Recall that Var is a Signal which can be updated by the client program. In fact, all necessary functionality is already present in class Signal; we just need to expose it:

class Var[T](expr: => T) extends Signal[T](expr) {
    override def update(expr: => T): Unit = super.update(expr) // re use the same implementation, and expose it publicly
}
object Var {
    def apply[T](expr: => T) = new Var(expr)
}

Discussion

Our implementation of FRP is quite stunning in its simplicity. But you might argue that it is too simplistic. In particular, it makes use of the worst kind of state: global state.

object Signal {
    val caller = new StackableVariable[Signal[_]](NoSignal) // accessed by all
    ...
}

One immediate problem is: What happens if we try to evaluate several signal expressions in parallel (in multiple threads, etc)?

• The caller signal will become “garbled” by concurrent updates and may cause race conditions and unpredictable results.

Thread-Local State

One way to get around the problem of concurrent accesses to global state is to use synchronization.

But this blocks threads, can be slow, and can lead to deadlocks.

Another solution is to replace global state by thread-local state.

• Thread-local state means that each thread accesses a separate copy of a variable.
• It is supported in Scala through class scala.util.DynamicVariable.

Using Thread-Local State

The API of DynamicVariable matches the one of StackableVriable So we can simply swap it into our Signal implementation:

object Signal {
    val caller = new DynamicVariable[Signal[_]](NoSignal)
    ...
}

Disadvantages

Thread-local state still comes with a number of disadvantages:

• Its imperative nature often produces hidden dependencies which are hard to manage.
• Its implementation on the JDK involves a global hash table lookup, which can be a performance problem.
• It does not play well in situations where threads are multiplexed between several tasks.

Another Solution: Implicit Parameters

A cleaner solution involves implicit parameters.

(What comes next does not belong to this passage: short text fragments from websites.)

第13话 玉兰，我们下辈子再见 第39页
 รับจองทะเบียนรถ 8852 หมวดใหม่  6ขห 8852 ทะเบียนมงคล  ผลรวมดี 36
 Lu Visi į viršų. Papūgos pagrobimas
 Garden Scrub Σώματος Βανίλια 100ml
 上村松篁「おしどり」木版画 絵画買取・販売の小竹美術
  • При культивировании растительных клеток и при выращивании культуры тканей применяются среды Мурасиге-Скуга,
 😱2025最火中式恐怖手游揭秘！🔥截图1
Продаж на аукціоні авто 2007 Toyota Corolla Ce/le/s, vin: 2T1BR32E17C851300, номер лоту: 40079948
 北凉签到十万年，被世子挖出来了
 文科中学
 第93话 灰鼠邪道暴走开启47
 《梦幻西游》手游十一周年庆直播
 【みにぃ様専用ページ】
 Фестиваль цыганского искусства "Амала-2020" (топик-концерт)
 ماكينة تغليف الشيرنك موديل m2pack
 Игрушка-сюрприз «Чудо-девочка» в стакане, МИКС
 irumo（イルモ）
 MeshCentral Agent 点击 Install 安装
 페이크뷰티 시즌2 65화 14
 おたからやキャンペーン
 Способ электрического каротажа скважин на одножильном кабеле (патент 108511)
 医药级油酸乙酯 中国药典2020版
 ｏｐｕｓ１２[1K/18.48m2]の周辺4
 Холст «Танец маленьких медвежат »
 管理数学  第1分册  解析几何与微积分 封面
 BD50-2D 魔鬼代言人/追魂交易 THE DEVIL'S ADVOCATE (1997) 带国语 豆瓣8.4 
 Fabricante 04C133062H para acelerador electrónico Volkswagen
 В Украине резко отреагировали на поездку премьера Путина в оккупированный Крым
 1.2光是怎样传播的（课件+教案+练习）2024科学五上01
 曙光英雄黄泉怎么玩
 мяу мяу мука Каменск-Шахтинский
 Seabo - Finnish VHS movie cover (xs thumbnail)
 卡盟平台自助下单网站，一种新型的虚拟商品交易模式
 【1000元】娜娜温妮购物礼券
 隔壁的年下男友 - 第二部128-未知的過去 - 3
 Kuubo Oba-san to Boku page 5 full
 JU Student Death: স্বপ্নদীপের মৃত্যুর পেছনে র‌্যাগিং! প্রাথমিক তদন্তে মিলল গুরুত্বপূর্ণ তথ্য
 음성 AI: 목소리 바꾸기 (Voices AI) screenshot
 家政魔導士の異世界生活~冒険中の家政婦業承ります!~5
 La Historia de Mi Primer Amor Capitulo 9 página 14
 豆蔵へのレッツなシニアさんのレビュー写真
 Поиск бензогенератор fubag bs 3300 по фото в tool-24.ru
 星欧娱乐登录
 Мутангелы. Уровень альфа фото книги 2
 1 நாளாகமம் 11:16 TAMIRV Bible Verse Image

• Instead of maintaining a thread-local variable, pass its current value into a signal expression as an implicit parameter.
• This is purely functional.
• In current Scala it requires more boilerplate than the thread-local solution.
• Future versions of Scala might solve that problem

Summary

We have given a quick tour through functional reactive programming, with some usage examples and an implementation.

This is just a taster, there’s much more to be discovered in the field.

In particular,** we only covered one particular style of FRP: Discrete signals changed by events**. Some variants of FRP also treat continuous signals. Values in these systems are often computed by sampling (computed as needed instead of each possible time, with sufficient density) instead of event propagation.